**Required work**
Give the data back exactly. Leave out any images.

Web page caption snippets:
===============

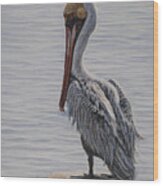 Resting Pelican Wood Print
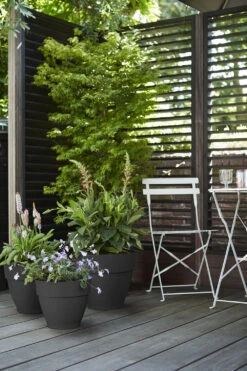 Bloempot Elho Vibia Campana Rond 40cm - Antraciet -Groene Tuin Verkoop vibia campana rond 40 bloempot antraciet 7 11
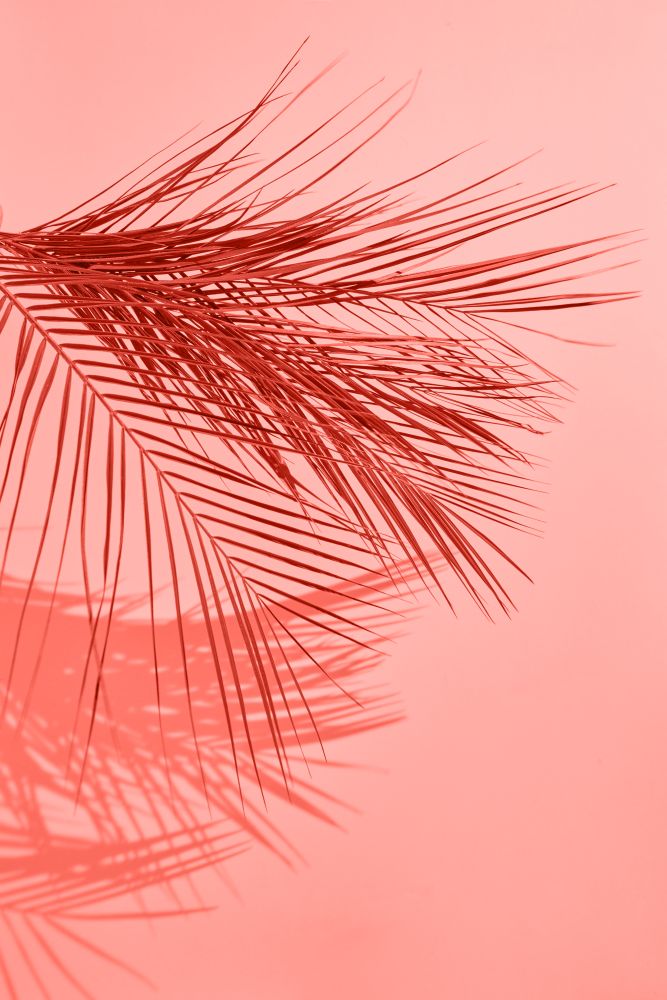 Creative pattern from palm leaf with shadows on a on a color of the year 2019 Living Coral background. Fashionable pantone trendy color.. Tropical palm leaf pattern with shadows on a background in color of the year 2019 Living Coral pantone, copy space. Place for text.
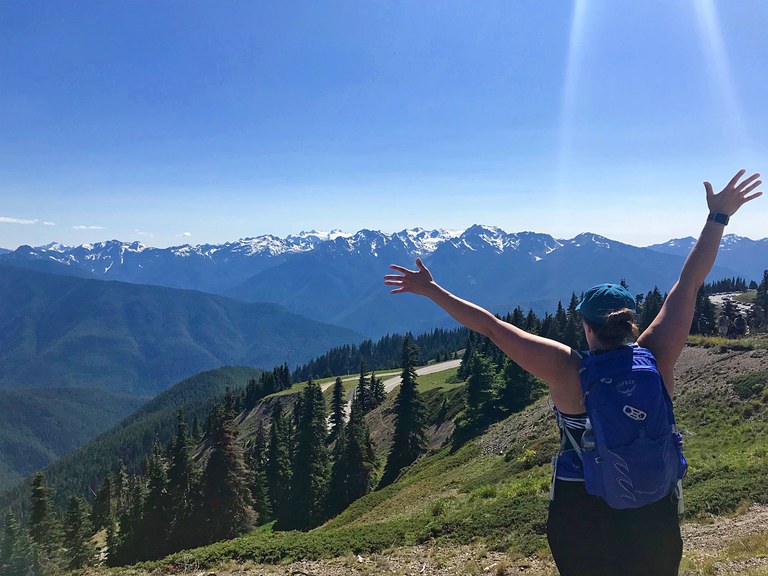 hurrican ridge valerie Pherson.jpg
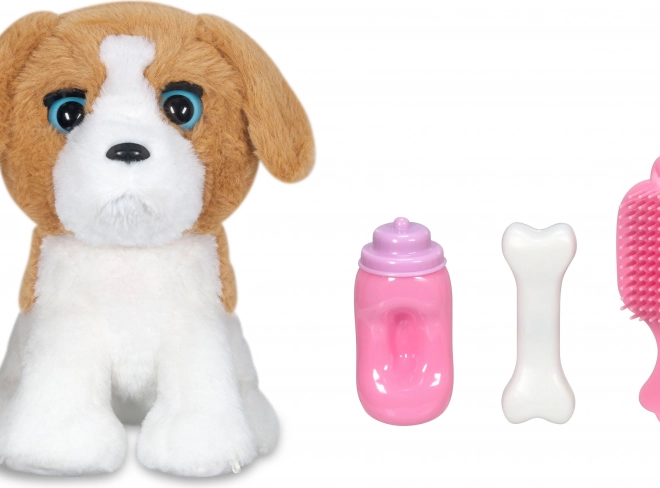 Set interactif chien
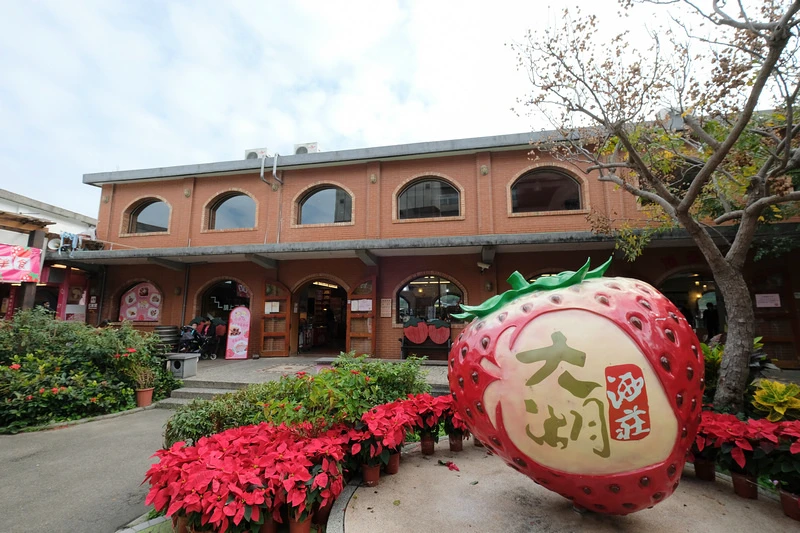 【苗栗】大湖酒莊＆草莓文化館：冰淇淋泡芙必買！免門票採草莓吃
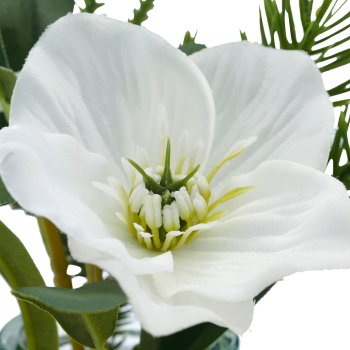 Christmas rose, 15.5cm, white, in glass 5x5x6.7cm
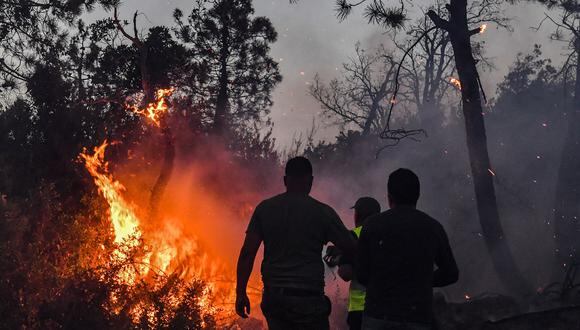 Bomberos intentan extinguir un furioso incendio forestal cerca de la ciudad de Melloula, en el noroeste de Túnez, cerca de la frontera con Argelia, el 24 de julio de 2023. (Foto de FETHI BELAID / AFP)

===============

**Result**
 Resting Pelican Wood Print
 Bloempot Elho Vibia Campana Rond 40cm - Antraciet -Groene Tuin Verkoop vibia campana rond 40 bloempot antraciet 7 11
 Creative pattern from palm leaf with shadows on a on a color of the year 2019 Living Coral background. Fashionable pantone trendy color.. Tropical palm leaf pattern with shadows on a background in color of the year 2019 Living Coral pantone, copy space. Place for text.
 hurrican ridge valerie Pherson.jpg
 Set interactif chien
 【苗栗】大湖酒莊＆草莓文化館：冰淇淋泡芙必買！免門票採草莓吃
 Christmas rose, 15.5cm, white, in glass 5x5x6.7cm
 Bomberos intentan extinguir un furioso incendio forestal cerca de la ciudad de Melloula, en el noroeste de Túnez, cerca de la frontera con Argelia, el 24 de julio de 2023. (Foto de FETHI BELAID / AFP)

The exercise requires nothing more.